Oldenburg v. Oregon Sugar Co.

65 P. 869, 39 Or. 564, 1901 Ore. LEXIS 106
CourtOregon Supreme Court
DecidedAugust 5, 1901
StatusPublished
Cited by5 cases

This text of 65 P. 869 (Oldenburg v. Oregon Sugar Co.) is published on Counsel Stack Legal Research, covering Oregon Supreme Court primary law. Counsel Stack provides free access to over 12 million legal documents including statutes, case law, regulations, and constitutions.

Bluebook
Oldenburg v. Oregon Sugar Co., 65 P. 869, 39 Or. 564, 1901 Ore. LEXIS 106 (Or. 1901).

Opinion

Mr. Justice Moore

delivered the opinion.

This is an action to recover damages for an injury to real property. Plaintiff alleges that he is the owner of certain land in Union County, bordering on Grande Ronde River; that the defendant, a corporation, unlawfully placed a dam in the channel of said stream, whereby the water was deflected, and overflowed his premises, washing away the earth, and destroying his irrigating ditches, and carrying off his fences, to his damage in the sum of $5,800. The defendant, having denied the material allegations of the complaint, averred that prior to the injury complained of the said river had been diverted from its natural bed, and overflowed its land, to prevent the washing away of which a temporary dam was placed in the new channel, whereby the water was returned to and flowed in its accustomed bed, and that [567]*567said dam was carried out before plaintiff’s injury occurred, which was occasioned by a freshet in said river. The reply having put in issue the allegations of new matter in the answer, a trial was had, resulting in a verdict for plaintiff in the sum of $900, and, judgment having been rendered thereon, the defendant appeals.

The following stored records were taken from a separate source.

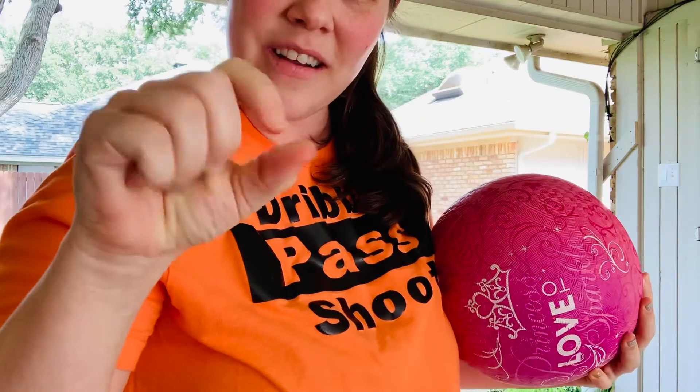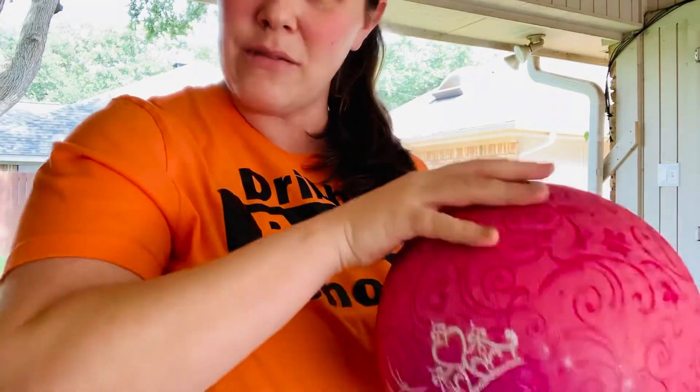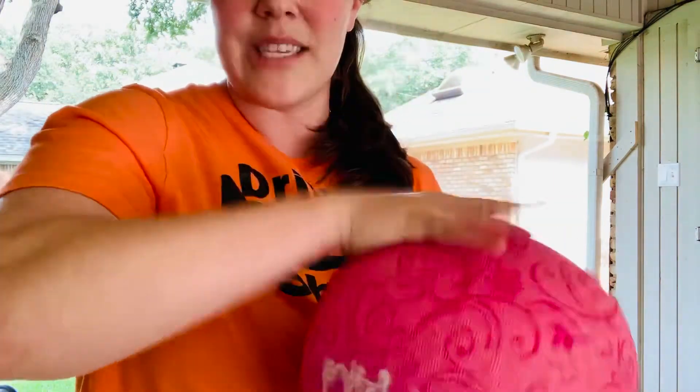Now, as you're dribbling this week, think about using your finger pads. Your finger pads are the squishy part of your finger, not your fingertips where the nail is, but the squishy finger pads. When you hit the ball or bounce the ball, you want to use your hands kind of up on your finger pads, not your nails, and don't slap with your hand.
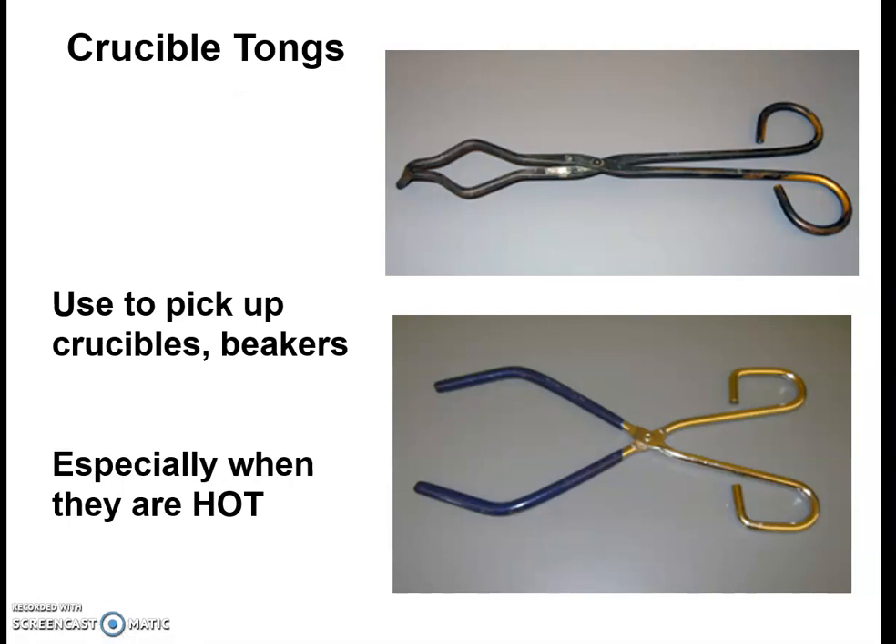Another piece of equipment used a lot to pick up things is referred to as tongs, and we actually have two kinds of tongs. We have what we call crucible tongs, which you can always identify based upon their really narrow, fine tip at the end. They're used to pick up what we call a crucible, and of course they're used to pick up hot things.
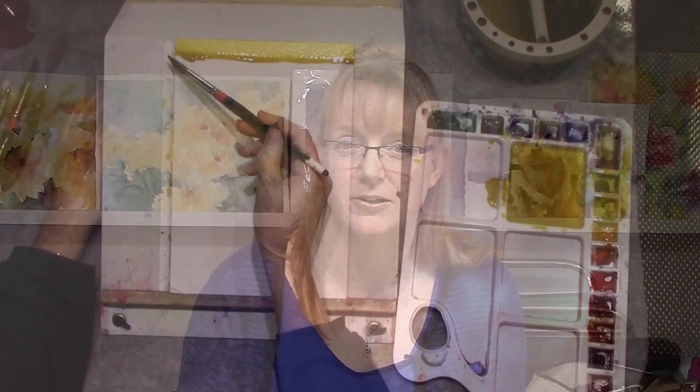Hello, my name is Colleen Reynolds. I'm a watercolor artist out of Salt Lake City, Utah. Thank you for tuning into this preview on my watercolor class on how to pull the bead of watercolor.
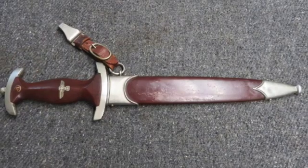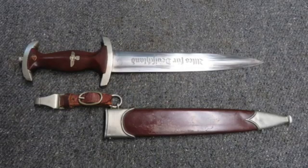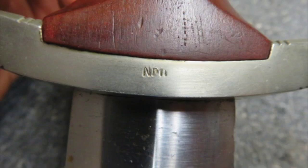Today we have a very good condition original World War II Nazi German SA Stormtrooper dagger that is marked Christian Schwerkschalen on the blade. This is an early pre-RZM dagger and is stamped with NRH on the lower guard, issued for the Niederheim Group.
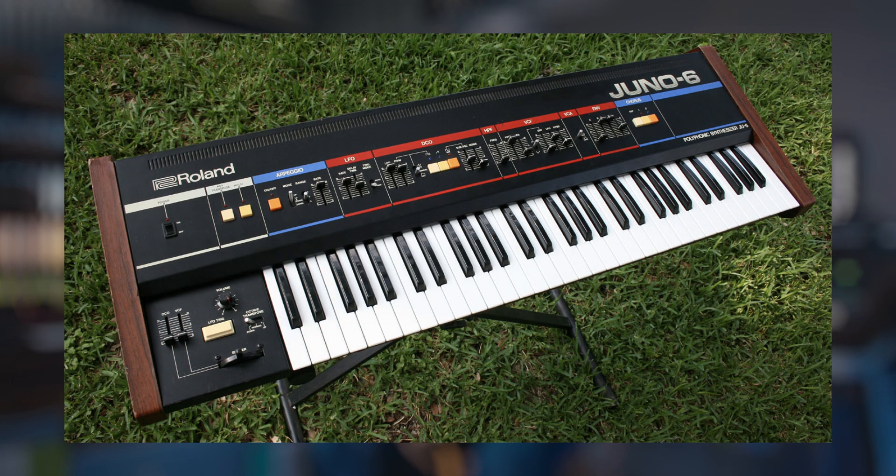They're kind of the same thing. The Juno 60 has patch memory; the Juno 6 you've got to put it in all yourself, but functionally they're very similar, and parts-wise they're very similar. So we've had a number of parts for these keyboards for a while now — slider caps, knobs, some of the colored button covers, that sort of thing.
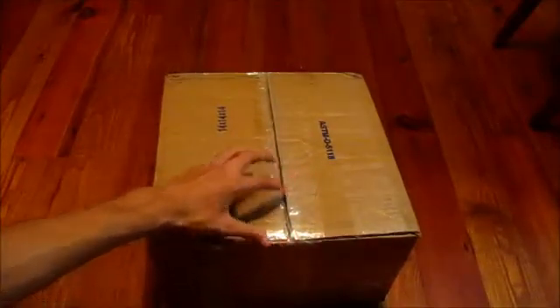Hey everyone, Koban Armand, you're 456 here, recording another video. I'm showing you a quick unboxing on my Sony PS3 that I just got today.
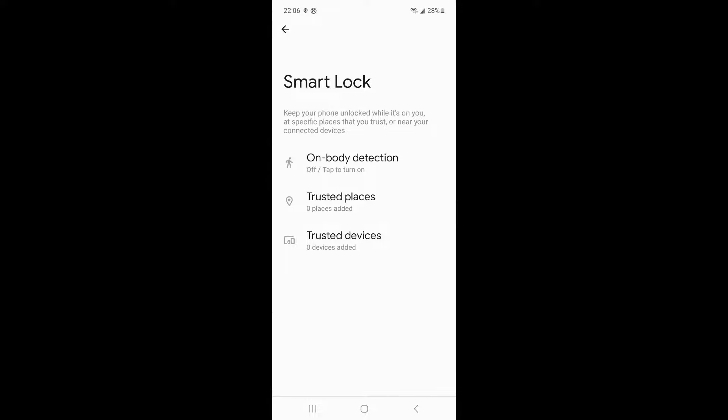You can choose from three Smart Lock options: 1. On-body detection — keeps your device unlocked while on your body, such as in your pocket or hand. 2. Trusted places — add locations that should unlock the device. 3. Trusted devices — add devices to keep the phone unlocked when nearby. We recommend using the second and third Smart Lock methods as they are more secure for your personal information.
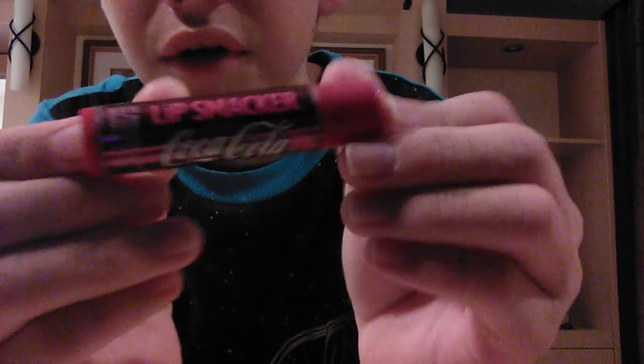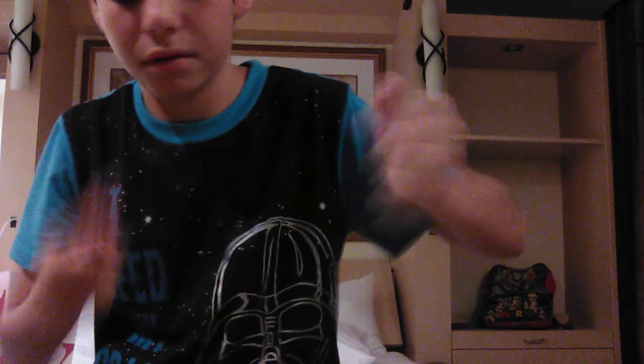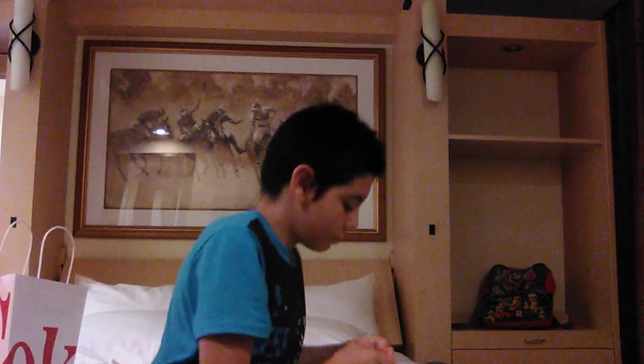The next flavor is my favorite, which is Coca-Cola Cherry. Oh, it smells good and it's like a bright red color. Next one is Coca-Cola Vanilla. This is my least favorite and it's like a tannish, peachish color.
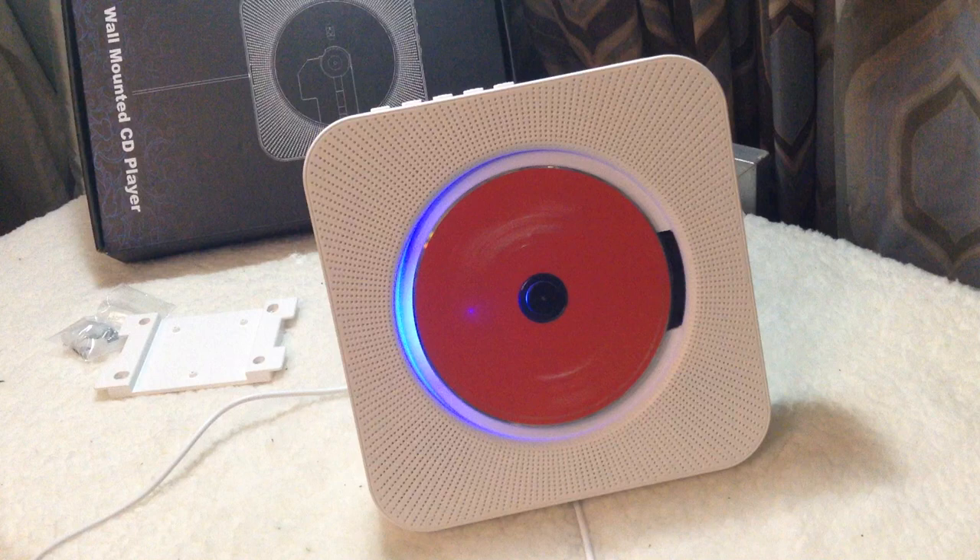And I definitely recommend this to you guys. The price is amazing for all that you get in this CD player.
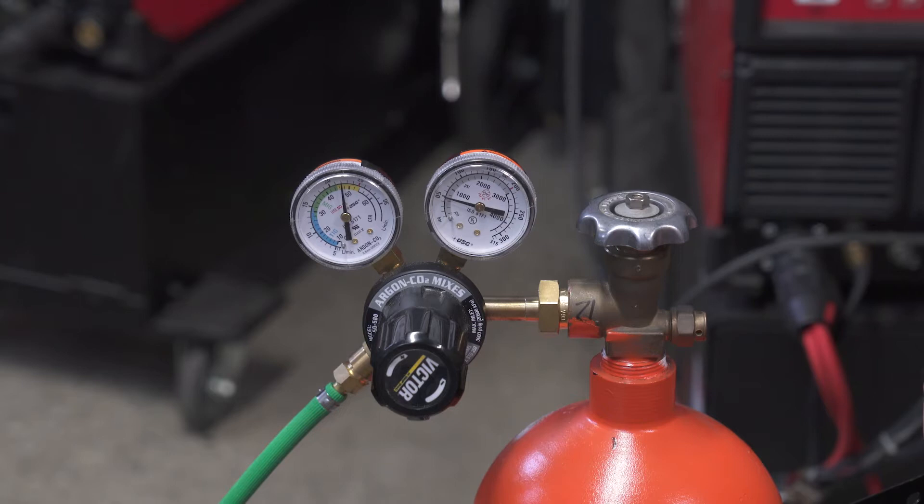A 90-10 has 90% argon and 10% CO2. A 92-8 has 92% argon and 8% CO2. It depends on your local gas distributor whether you get 90-10 or 92-8 — some companies make one or not the other. All these gases will work for regular mild steel welding and short-circuit MIG.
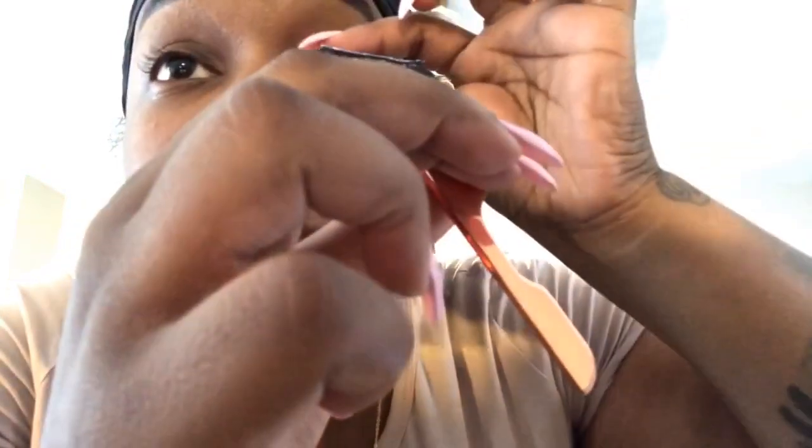Now let's apply the lashes. When you apply your lashes, you have to apply them real close to your lash line — right on it. You have to apply them in the middle of your eye first; right in the middle is where you start.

1. The bill of exceptions discloses that in the several issues raised during the progress of the trial, and discussed herein, exceptions were duly saved to the rulings of the court; that testimony was introduced to show that,in March, 1899, the defendant constructed of piling, brush, rocks, and gravel, a dam about one hundred and sixty feet in length, extending entirely across the channel of the Grande Ronde River, and, remaining therein1 about twenty-four hours, the water of that stream was deflected, and, flowing against the plaintiff’s land, washed away about two acres thereof, destroyed his ditches, and deprived him of the use of the water for irrigation. The defendant contends that this dam was placed in the new channel and served only to turn the water around the end of the obstruction into the natural bed, thereby protecting its lands from further encroachments, while plaintiff insists that this barrier was constructed in the original channel. The plaintiff introduced in evidence a deed to certain real property owned by him, and was permitted to testify that certain buildings were erected and other improvements made upon the. land described therein; but the court, having discovered that said premises were not embraced within the boundaries mentioned in the complaint, withdrew the deed, saying to the jury, “This deed is out of the case, and should not be considered by the jury for any purpose. ’ ’ Several witnesses testified in relation to the improvements made upon the real property described in said deed as elements from [568]*568which they estimated the value of the injured premises before and after the erection of the dam, and it is maintained by defendant’s counsel that the withdrawal of the deed did not take from the jury the consideration of such testimony, and that the error committed by the introduction of the deed was not cured by such withdrawal.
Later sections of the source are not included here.